South African traffic officers will be issued with body cameras to help gather evidence and improve the conviction rate for traffic law violators.
Deputy Minister of Transport Dikeledi Magadzi says South Africa is ready to issue traffic officers with body cameras in the coming years.
“As the Road Traffic Management Corporation (RTMC) rolls out the use of body cameras... we aim to improve the levels of service and ensure that this is executed to serve and protect our road users,” she says.
The cameras will also act as a deterrent for corruption, effectively preventing officers from soliciting or accepting bribes from motorists.
“Every interaction a traffic law enforcement officer has with a motorist will be recorded. There will be nowhere to hide for those who live beyond their means and finance their lavish lifestyles through bribes, at the expense of the law abiding citizens on the roads.”

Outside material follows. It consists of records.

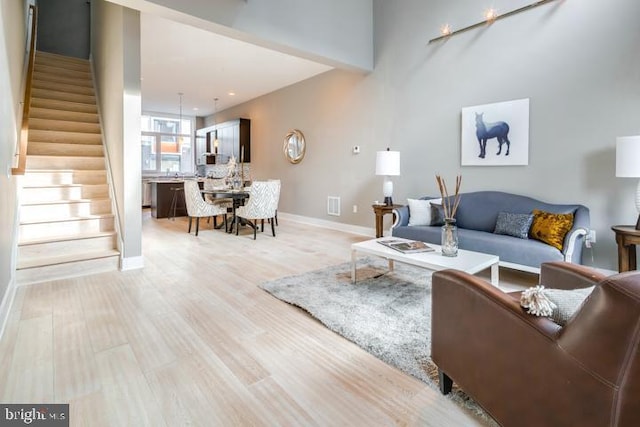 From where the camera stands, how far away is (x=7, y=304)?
244cm

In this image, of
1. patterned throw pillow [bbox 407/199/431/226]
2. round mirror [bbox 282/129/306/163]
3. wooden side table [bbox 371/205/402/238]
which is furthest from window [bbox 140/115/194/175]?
patterned throw pillow [bbox 407/199/431/226]

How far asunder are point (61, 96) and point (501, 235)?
6398 millimetres

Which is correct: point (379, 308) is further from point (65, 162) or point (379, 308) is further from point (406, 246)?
point (65, 162)

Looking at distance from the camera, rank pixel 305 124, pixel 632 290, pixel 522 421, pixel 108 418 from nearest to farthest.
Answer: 1. pixel 632 290
2. pixel 522 421
3. pixel 108 418
4. pixel 305 124

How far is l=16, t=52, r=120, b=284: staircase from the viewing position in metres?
3.31

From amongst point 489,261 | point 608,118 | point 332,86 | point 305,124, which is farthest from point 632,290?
point 305,124

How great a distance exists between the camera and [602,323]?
83 cm

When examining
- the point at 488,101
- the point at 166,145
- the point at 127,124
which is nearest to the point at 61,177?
the point at 127,124

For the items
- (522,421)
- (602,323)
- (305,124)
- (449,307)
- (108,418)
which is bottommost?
(108,418)

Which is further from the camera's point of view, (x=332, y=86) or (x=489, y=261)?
(x=332, y=86)

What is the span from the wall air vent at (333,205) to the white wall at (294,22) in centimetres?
226

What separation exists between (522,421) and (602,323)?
0.49 m

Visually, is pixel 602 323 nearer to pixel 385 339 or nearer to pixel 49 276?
pixel 385 339

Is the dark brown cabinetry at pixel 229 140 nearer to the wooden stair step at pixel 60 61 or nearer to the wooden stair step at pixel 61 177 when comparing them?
the wooden stair step at pixel 60 61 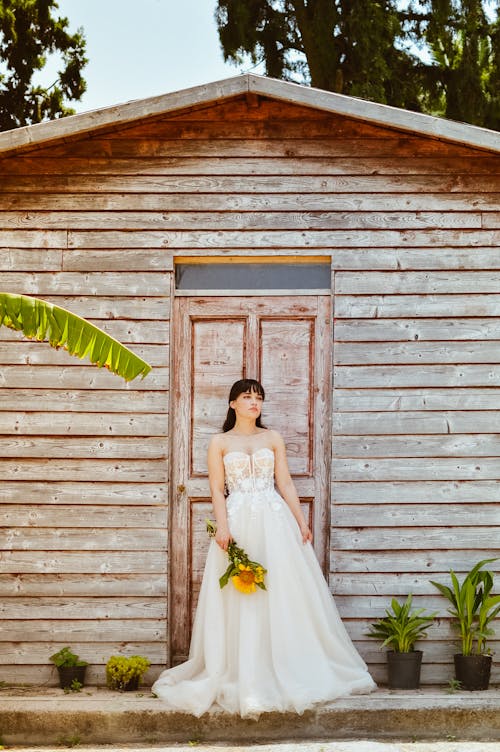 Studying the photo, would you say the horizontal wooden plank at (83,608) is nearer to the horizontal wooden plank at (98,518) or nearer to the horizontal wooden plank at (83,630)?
the horizontal wooden plank at (83,630)

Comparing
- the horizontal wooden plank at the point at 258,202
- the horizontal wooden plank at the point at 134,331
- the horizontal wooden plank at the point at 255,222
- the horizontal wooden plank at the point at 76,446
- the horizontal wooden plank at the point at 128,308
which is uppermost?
the horizontal wooden plank at the point at 258,202

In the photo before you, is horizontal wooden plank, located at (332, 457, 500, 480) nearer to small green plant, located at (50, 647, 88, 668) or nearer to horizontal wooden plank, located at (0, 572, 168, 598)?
horizontal wooden plank, located at (0, 572, 168, 598)

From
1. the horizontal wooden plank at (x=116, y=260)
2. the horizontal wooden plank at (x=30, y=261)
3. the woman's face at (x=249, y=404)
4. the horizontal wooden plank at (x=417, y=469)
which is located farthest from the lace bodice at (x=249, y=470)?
the horizontal wooden plank at (x=30, y=261)

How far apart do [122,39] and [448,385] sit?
28.2 feet

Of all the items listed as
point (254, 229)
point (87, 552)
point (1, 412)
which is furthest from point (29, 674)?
point (254, 229)

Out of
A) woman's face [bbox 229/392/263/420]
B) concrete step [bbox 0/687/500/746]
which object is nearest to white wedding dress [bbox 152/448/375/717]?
concrete step [bbox 0/687/500/746]

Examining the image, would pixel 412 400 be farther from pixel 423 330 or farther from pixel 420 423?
pixel 423 330

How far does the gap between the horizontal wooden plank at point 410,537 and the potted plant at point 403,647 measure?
39cm

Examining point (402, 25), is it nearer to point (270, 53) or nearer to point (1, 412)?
point (270, 53)

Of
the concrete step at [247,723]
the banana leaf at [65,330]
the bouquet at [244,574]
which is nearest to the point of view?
the banana leaf at [65,330]

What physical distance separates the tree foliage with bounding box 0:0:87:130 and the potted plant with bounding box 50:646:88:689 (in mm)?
9371

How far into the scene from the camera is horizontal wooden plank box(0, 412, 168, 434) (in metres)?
6.75

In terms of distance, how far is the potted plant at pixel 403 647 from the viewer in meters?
6.41

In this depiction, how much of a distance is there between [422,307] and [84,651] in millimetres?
3350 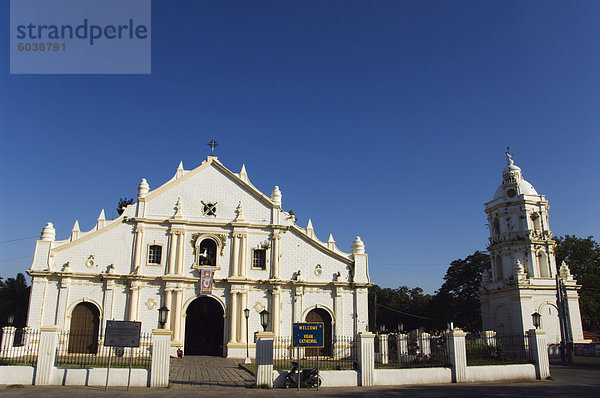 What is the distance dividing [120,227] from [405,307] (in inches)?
1783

Deputy Minister Magadzi says traffic law enforcement has no place for unethical, greedy and corrupt officers.
Government is also strengthening law enforcement by investing in drones.

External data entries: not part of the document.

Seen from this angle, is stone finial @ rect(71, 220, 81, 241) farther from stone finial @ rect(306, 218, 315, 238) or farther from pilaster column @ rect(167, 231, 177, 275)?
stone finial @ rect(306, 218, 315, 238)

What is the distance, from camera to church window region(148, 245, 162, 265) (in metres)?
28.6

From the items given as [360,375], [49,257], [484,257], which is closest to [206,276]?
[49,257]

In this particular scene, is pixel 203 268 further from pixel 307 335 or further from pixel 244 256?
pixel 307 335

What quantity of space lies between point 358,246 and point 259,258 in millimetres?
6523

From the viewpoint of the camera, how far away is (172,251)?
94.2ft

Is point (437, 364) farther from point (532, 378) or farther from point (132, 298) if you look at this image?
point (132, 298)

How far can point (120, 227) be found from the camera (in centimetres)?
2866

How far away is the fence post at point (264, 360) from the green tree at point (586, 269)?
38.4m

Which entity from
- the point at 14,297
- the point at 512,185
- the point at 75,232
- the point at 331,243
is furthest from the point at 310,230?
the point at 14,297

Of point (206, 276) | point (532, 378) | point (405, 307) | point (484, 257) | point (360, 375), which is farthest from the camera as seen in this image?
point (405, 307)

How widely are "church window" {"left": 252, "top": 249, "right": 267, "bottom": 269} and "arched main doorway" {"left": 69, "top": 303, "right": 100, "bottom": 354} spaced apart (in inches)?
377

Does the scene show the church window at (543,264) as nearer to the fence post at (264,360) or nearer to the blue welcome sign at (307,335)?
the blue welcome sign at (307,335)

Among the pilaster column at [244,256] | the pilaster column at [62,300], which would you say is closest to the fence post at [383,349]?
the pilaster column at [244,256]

“These drones will assist to proactively identify hazards on the roads, and to identify motorists who are driving recklessly and at unacceptably high speeds.
“Officers will then be deployed strategically to respond, using the live intelligence supplied by this technology,” the Deputy Minister explains.
Discussions are underway with the Justice Crime Prevention and Security Cluster to ensure that evidence gathered through the use of these drones is admissible and leads to a higher conviction rate.
Highlighting the importance of road safety, the Deputy Minister says most fatal crashes happen at night.
She encourages road users to avoid travelling at night and to observe curfew hours, to avoid the dangers that are mostly prevalent at night.
“Road safety is our collective responsibility. It is equally through collective effort that we can force a change in our behaviour on the road,” the Deputy Minister says.